- Task inputs

• • • • •

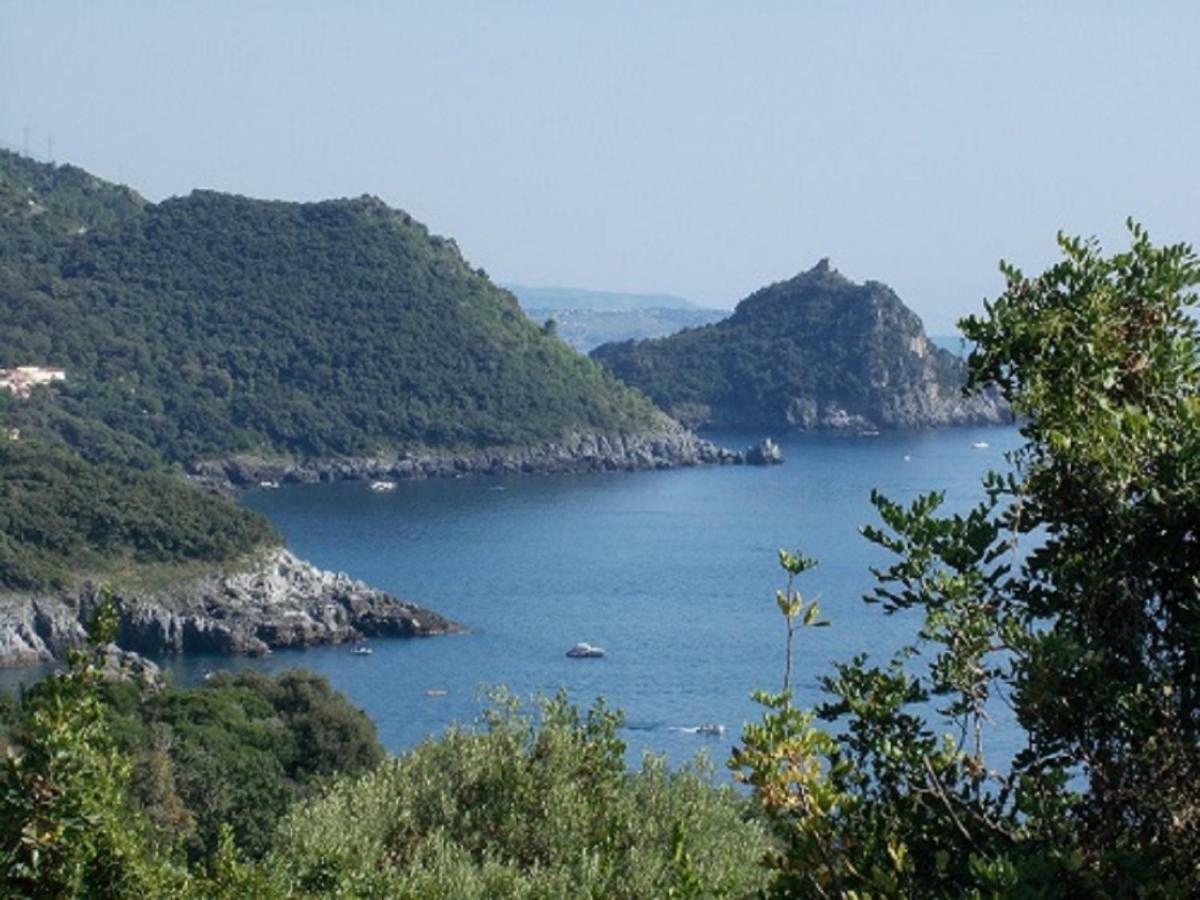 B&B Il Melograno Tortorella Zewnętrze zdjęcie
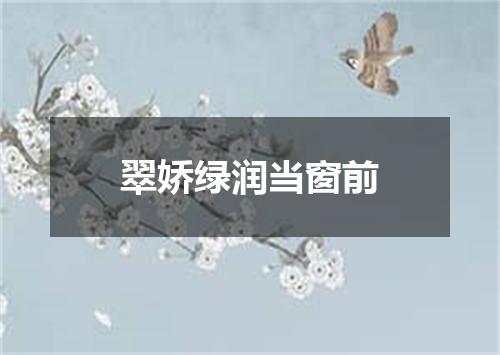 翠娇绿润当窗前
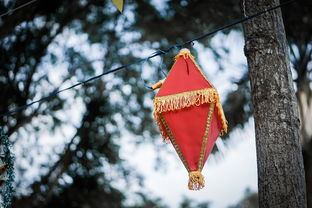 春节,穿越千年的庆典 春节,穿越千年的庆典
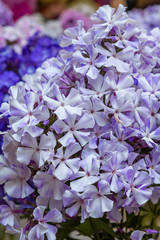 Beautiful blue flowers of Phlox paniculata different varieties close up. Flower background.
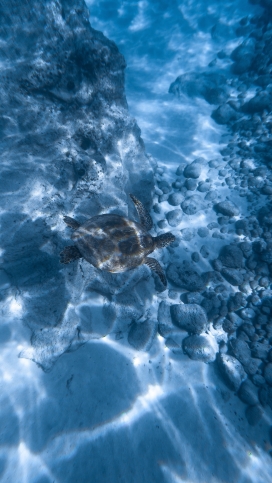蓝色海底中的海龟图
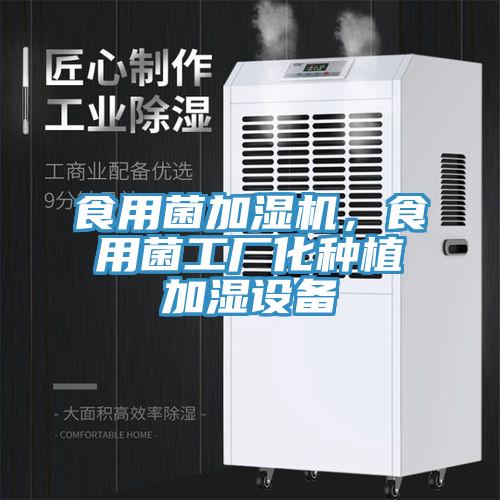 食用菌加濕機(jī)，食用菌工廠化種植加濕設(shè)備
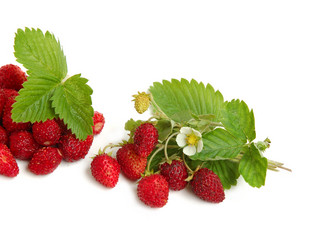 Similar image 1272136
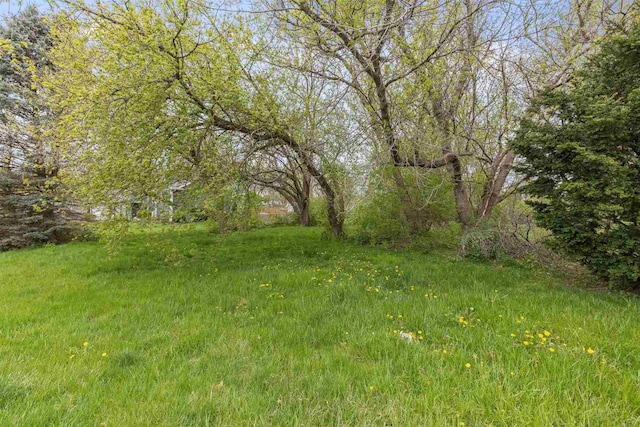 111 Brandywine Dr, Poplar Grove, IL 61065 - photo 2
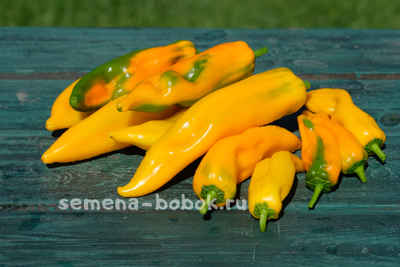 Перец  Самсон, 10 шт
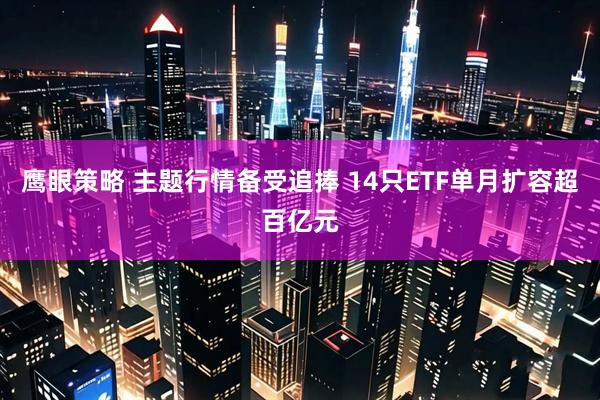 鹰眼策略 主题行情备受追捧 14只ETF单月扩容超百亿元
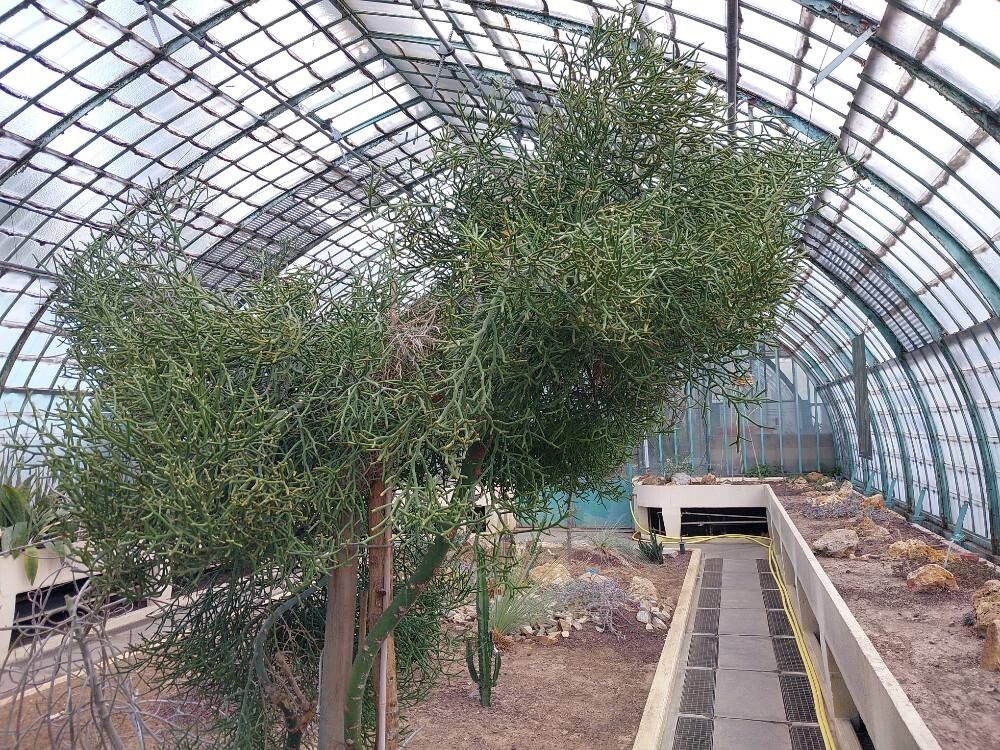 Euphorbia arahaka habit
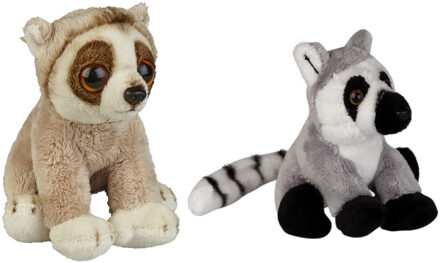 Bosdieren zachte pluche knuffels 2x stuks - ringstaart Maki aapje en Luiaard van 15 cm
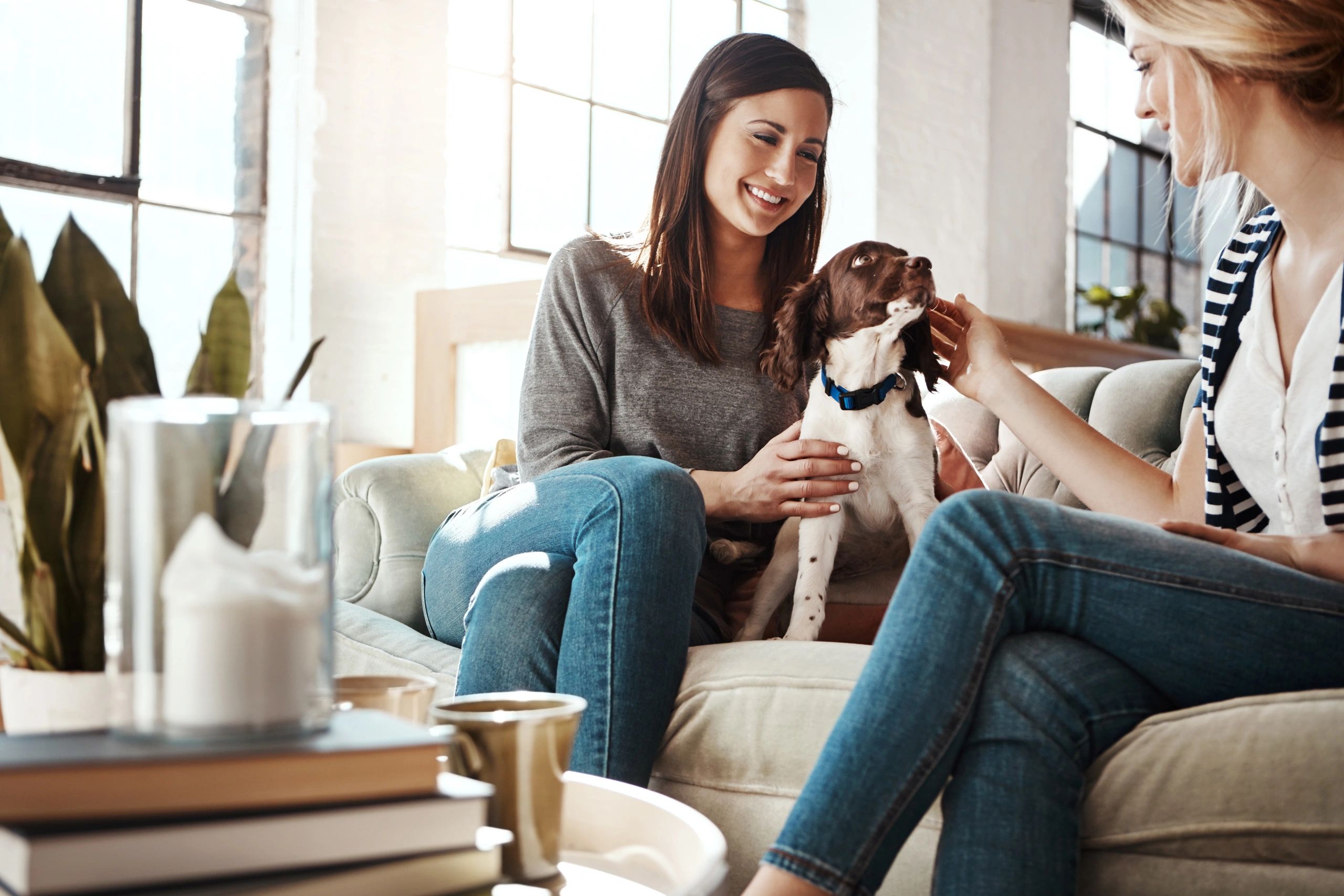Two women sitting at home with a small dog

• • • • •

- Work request
What you return should be the exact lines from the one containing "食用菌加濕機(jī)，食用菌工廠化種植加濕設(shè)備" through the end of the listing above, both included, minus any pictures.

- Answer box
 食用菌加濕機(jī)，食用菌工廠化種植加濕設(shè)備
 Similar image 1272136
 111 Brandywine Dr, Poplar Grove, IL 61065 - photo 2
 Перец  Самсон, 10 шт
 鹰眼策略 主题行情备受追捧 14只ETF单月扩容超百亿元
 Euphorbia arahaka habit
 Bosdieren zachte pluche knuffels 2x stuks - ringstaart Maki aapje en Luiaard van 15 cm
Two women sitting at home with a small dog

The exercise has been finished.